Basic Considerations:

This series of article describes certain basic considerations and costs involved in forming a Washington business. Please note that choosing a business form should not be done in vacuum. Consideration as to how this decision may impact future alternatives is critical. For example, converting a LLC into a Corporation immediately before the business is acquired, rather than at an earlier time, may prevent the transaction from being tax-free. This article is only an overview, particularly as to tax issues and should not be substitute for a professional advisor’s analysis and recommendations based on your individual fact situations when establishing your business.

Selecting the Form of Business Organization:

No single factor is controlling in determining the form of business organization to select, but if the business is expected to expand rapidly, a corporation will typically be the best alternative because of the availability of employee incentive stock plans; ease of accommodating outside investment and greater long-term liquidity alternatives for shareholders. A corporation also minimizes potential personal liability if statutory formalities are followed.

The characteristics of a Business are described below, followed by an overview of other traditional forms of business organizations. Each of the following factors is described for comparison purposes: 1) statutory formalities of creation, 2) tax consequences, 3) personal liability of owners, 4) ease of additional investment, 5) liquidity, 6) control and 7) legal costs. This article will focus on Limited Partnerships.
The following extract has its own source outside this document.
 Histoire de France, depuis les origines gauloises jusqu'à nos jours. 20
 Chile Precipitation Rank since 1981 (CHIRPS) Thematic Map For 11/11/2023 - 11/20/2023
A Limited Partnership ('LP') is a partnership consisting of one or more general partners and one or more limited partners which is established in accordance with Washington Partnership Law. Like a corporation, this entity has no legal existence until paperwork has been filed with the Washigton Secretary of State. The LP is useful when investors contribute money or property to the partnership, but not actively involved in its business. Examples of LPs include hedge funds, private equity firms, and investment groups. So long as the 'limited partner does not actively involve themselves in the management of the business, a limited partner is liable only to the extent of his involvement. General partners, however are personally responsible for partnership obligations and for each other's act on behalf of the partnership.

Tax Considerations:

For tax purposes, both general partners and limited partners are generally treated alike. Income, gain and losses of the partnership 'flow through' to them and affect their individual income taxes. At the end of each tax year, partners will receive K1 forms outlining their individual tax liability or loss.